Photorealistic images of nonsensical scenarios are an astounding technical achievement according to Google. But it says its AI system Imagen is not ready for public use, thanks in part to cultural bias in the imagery.
Instructions to produce images such as “teddy bears swimming at the Olympics 400m Butterfly event” (pictured below) or “A giant cobra snake on a farm. The snake is made out of corn.” sound like the work of human artist Jim’ll Paint It. However, they’re actually the work of Google’s Imagen, a challenger to several other systems, most notably Open AI’s DALL·E2.
While computers can produce such images much quicker than a human, there’s a definite challenge to the AI. It needs to work out exactly what the instructions mean, including identifying the visual components and the way they need to fit together. It then needs to create the components of the image from its reference library and then arrange them in the correct manner. Finally, it needs to make sure the parts of the image fit together in a “realistic manner” with appropriate shadows and other visual effects.
According to a research paper from Google, scaling the text encoder, which figured out exactly what the image should be, had a bigger effect on results than scaling the diffusion model, which created the imagery. As you’d expect, it says its studies showed human rates were more likely to find Imagen’s images more realistic and closer to the text input than those from other systems.
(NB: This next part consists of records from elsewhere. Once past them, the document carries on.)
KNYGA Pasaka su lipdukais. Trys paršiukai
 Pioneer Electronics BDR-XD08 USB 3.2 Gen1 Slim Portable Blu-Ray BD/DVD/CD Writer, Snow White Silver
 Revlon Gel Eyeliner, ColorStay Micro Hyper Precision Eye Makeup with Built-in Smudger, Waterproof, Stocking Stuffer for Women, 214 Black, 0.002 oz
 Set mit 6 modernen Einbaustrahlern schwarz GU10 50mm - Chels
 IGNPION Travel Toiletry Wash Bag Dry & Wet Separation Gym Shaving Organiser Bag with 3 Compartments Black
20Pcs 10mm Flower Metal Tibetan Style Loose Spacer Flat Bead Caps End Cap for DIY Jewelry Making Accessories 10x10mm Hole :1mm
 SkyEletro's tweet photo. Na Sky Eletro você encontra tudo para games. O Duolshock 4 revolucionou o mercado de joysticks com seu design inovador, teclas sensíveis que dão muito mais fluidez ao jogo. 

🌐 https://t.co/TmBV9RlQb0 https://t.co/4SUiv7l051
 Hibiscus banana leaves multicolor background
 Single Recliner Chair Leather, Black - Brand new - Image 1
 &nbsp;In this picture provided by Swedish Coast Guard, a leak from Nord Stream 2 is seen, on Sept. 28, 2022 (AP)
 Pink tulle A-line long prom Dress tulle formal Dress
However, it won’t be releasing the code or running a public demonstration at the moment for two reasons. First, it wants to explore the potential for how misuse could impact society. Second, it fears the dataset it used means the system may still have:
an overall bias towards generating images of people with lighter skin tones and a tendency for images portraying different professions to align with Western gender stereotypes… even when we focus generations away from people, our preliminary analysis indicates Imagen encodes a range of social and cultural biases when generating images of activities, events, and objects.